Authors : Rajesh Shenoy, Ravi Ichalakaranji
DOI : 10.18231/2455-8451.2018.0050
Volume : 4
Issue : 4
Year : 0
Page No : 215-219
spinal cord lipomas are rare benign tumours1,7,10,15 and mainly of 2 types. Those usually associated with the syndrome of spinal dysraphism,16,22 where these lesions communicate with subcutaneous lipomas through a defect in the posterior elements of the spine (such as spina bifida, lipomyelomeningocele, myelomeningocele, diastematomyelia, cutaneous lipoma, fistula, pilosity & klippel-Feil malformation) and those without spinal dysraphism.7
Spinal cord lipomas which are not associated with spinal dysraphism are even less frequent, accounting for 1% of spinal cord tumours.1,15,23 60% are localized intradurally& 40%, extradurally.5,9
Here we present a case of a 22 years male patient came to our hospital with h/o upper back pain, non- radiating type, localized to thoracic spine and his examination showed normal gait with mild spasticity in left lower limb, with no sensory or motor deficits. Rhomberg’s sign was mildly positive. Bilaterally reflexes were equal and normal, with left Babinski sign present.

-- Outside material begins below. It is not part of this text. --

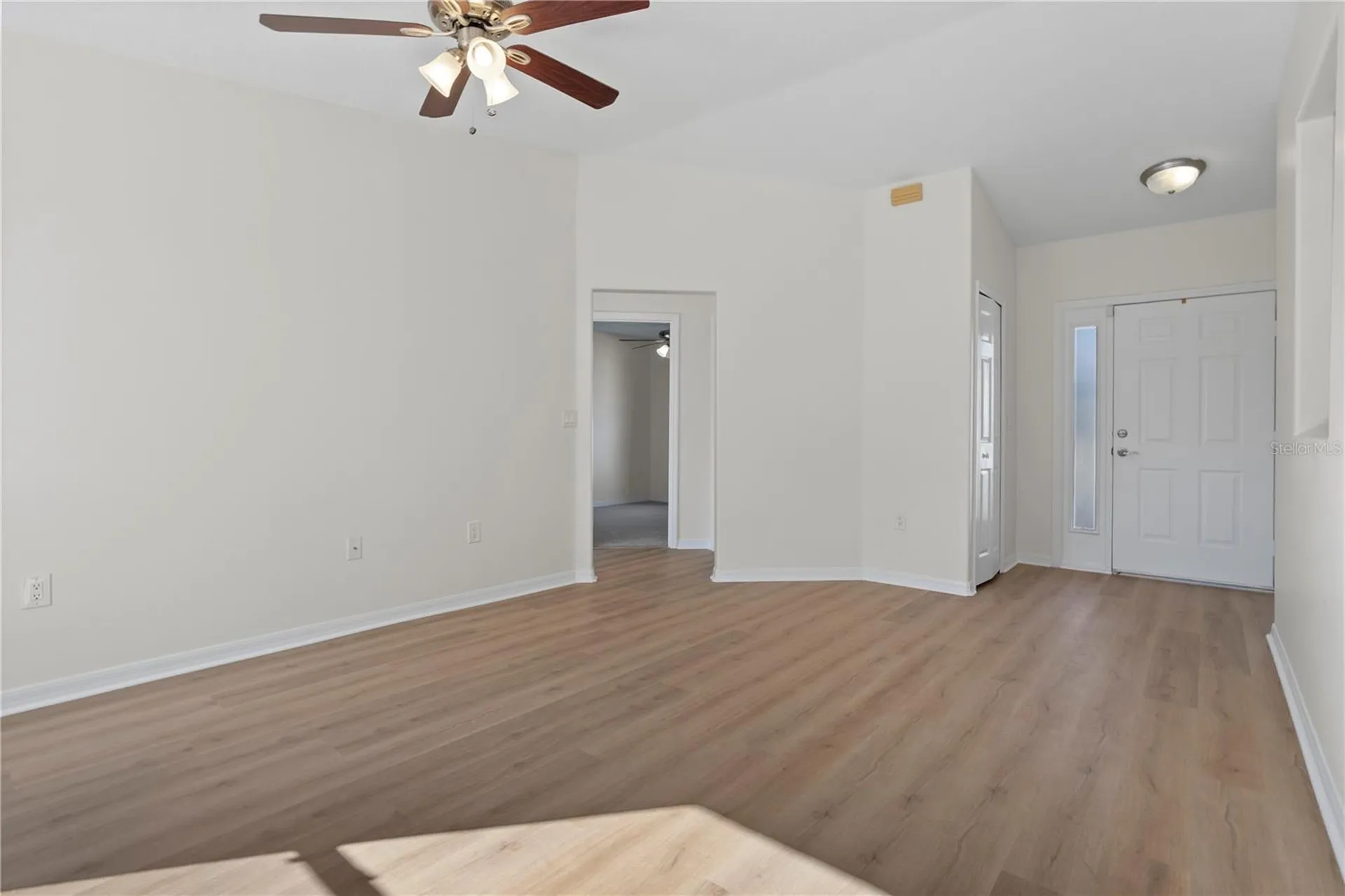 719 Waxwing Court Kissimmee FL 34759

MRI whole spine with plain and contrast showed T1 and T2 hyperintense lesion in dorsal spine extending from D4-D9 intradural intramedullary lesion suggestive of lipoma with no evidence of spinal dysraphism.
Patient was subjected for surgical excision and postoperatively patient recovered well with smptom free intervals.
Keywords: Intramedullary lipomas, Spinal cord lipomas, Spinal dyraphism, M.R.I spine.